Según él, lo de los eres tenía mucha relación con lo que yo le contaba sobre la flota pesquera canaria, varada en los cruces de carreteras y autopistas. Ambas cosas, la desaparición de los eres y los barcos de pesca anclados en el piche, le llenaban de inquietud. Por sí misma -pensaba-, el agua no deja de manar, y a los barcos de pesca no les da por largarse tierra adentro.

Rumiando todas estas cosas, caminaba vereda arriba, mientras urdía poemas interminables con la palabra sencilla de las gentes del pueblo: "Pobre de Chipude/ sin gota de agua/mi mujer no puede/lavar sus jenaguas"; "Quiero trabajar contigo/ en tu faena diaria/pa fabricar todos juntos/la libertad de Canarias";"¡Viva la Noche San Juan!/,¡que vivan las fogaleras!,/¡viva el baño de las cabras!/,¡que vivan las ranilleras!".

Cuando llegaban las fiestas, acudía a ellas con sus arcanas ropas y los pequeños baifos.
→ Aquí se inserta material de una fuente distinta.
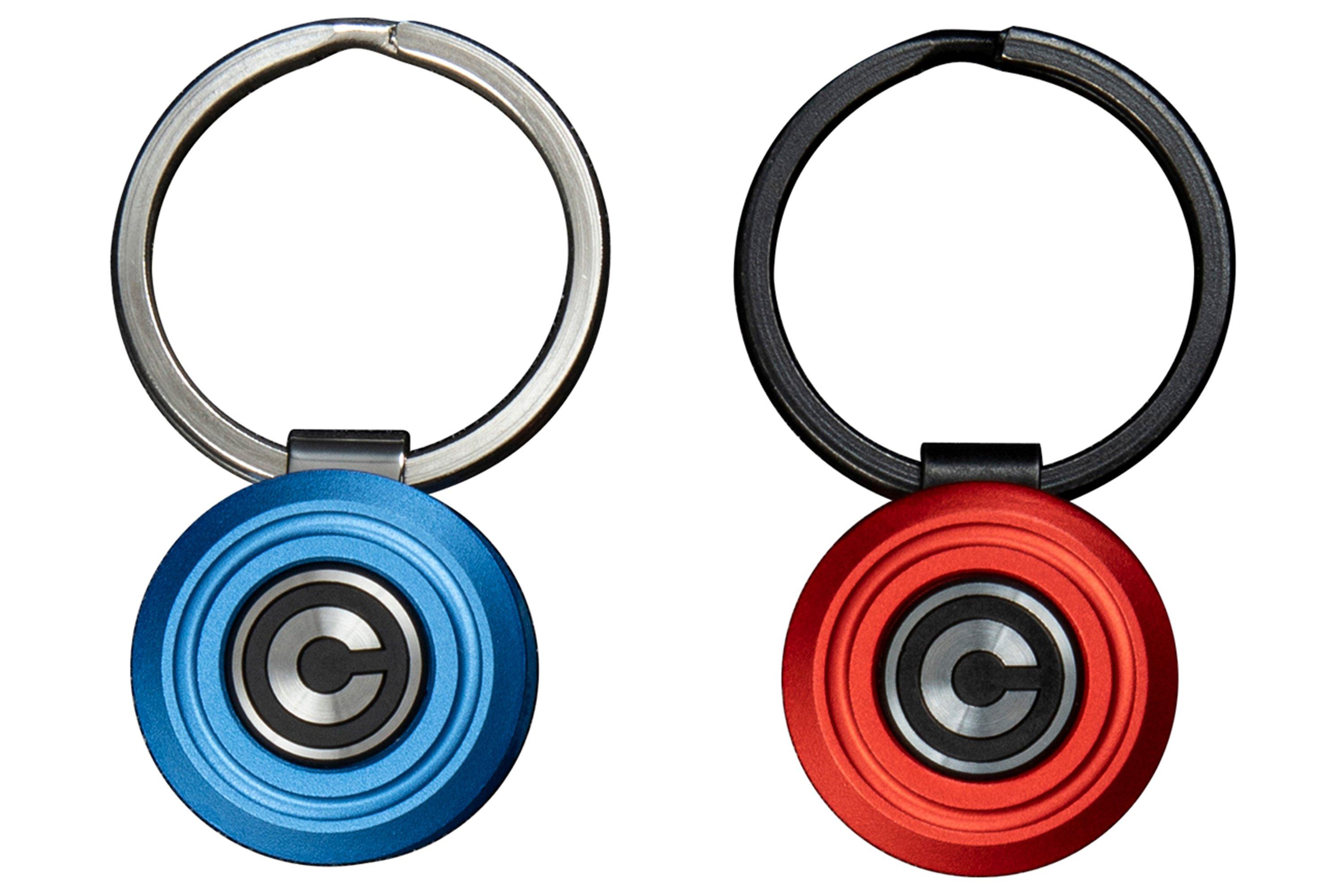 Civivi C23056-3 Key Coin Blue and Red Aluminum Pocket Key Organizer set ...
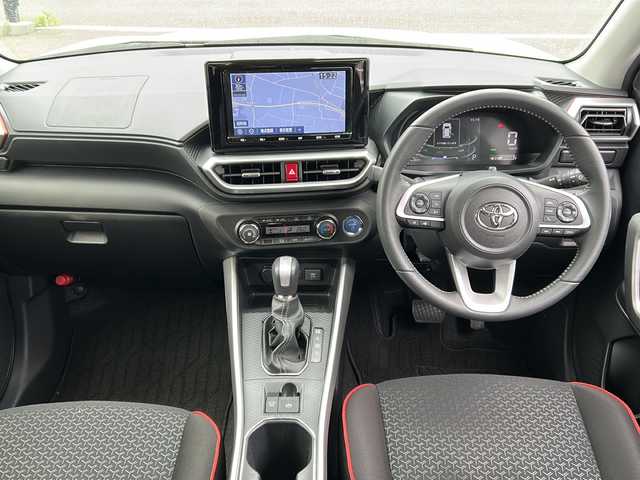 トヨタ ライズ Z 岐阜県 2022(令4)年 2万km シャイニングホワイトパール 純正9インチナビ　/前後ドライブレコーダー　/バックカメラ　/ビルトインＥＴＣ　/横滑り防止装置　/レーダークルーズコントロール　/盗難防止装置　/レーンキープアシスト　/コーナーセンサー　/ＬＥＤヘッドライト/オートライト/プッシュスタート/スマートキー/シートヒーター/純正17インチアルミホイール/純正フロアマット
A veces, gesticulaba entre la multitud y ensayaba ritos que nadie conocía llamando a Achamán, a Magec y a muchos otros seres de antaño que ya nadie recordaba y que a buen seguro debían de estar emparentados con los antiquísimos Osiris, Horus y la propia Isis. Santos y dioses con quienes incluso tenía cierta confianza, como cuando le gritó en Tamaimo al Padre de la Virgen María en plena procesión: "Ahí va san Joaquín, que es un palanquín, y aquí se queda san Chucho".

Aquel mitad Hermano Pedro, mitad mencey loco gustaba vestirse con pieles de cabra, collares de huesos y sandalias de Chasna. Morral, añepa, tamarco y manta esperancera, caminaba siempre en dirección a los cuatro puntos cardinales, guiándose únicamente por el sonido del bucio de Carlos El Benijero. Cuentan, incluso, que una vez lo vieron en Cuba gritando por la independencia de Canarias junto a Secundino, y al mismo tiempo, caminando desde el Puerto de la Cruz a El Rincón detrás de un rebaño cabras para salvar este paraje, protestando por la tala de los castaños de la carretera de Aguamansa y montando un chiringuito en su casa de la plaza de El Llano, de La Orotava, al paso de la Subida del Santo. Pues como decían de él: "?imita la ligereza de los lagartos y la seriedad longeva de las cabras, pero ves y no ves su figura cuando crees poder apresarlo en el encuadre de la mirada, pues ya se te ha escapado bajo su sayo de borrego, haciéndose invisible de tanto verlo".

Cuando se hartaba de leyendas, este contador de la tradición masacrada, aparecía de forma mágica en los bochinches norteños, entre ríos de vino nuevo y timples de la media noche. Timples que huían con él hacia la vieja Masca, donde, con sus notas al viento, rendía tributo al monocultivo económico del turismo.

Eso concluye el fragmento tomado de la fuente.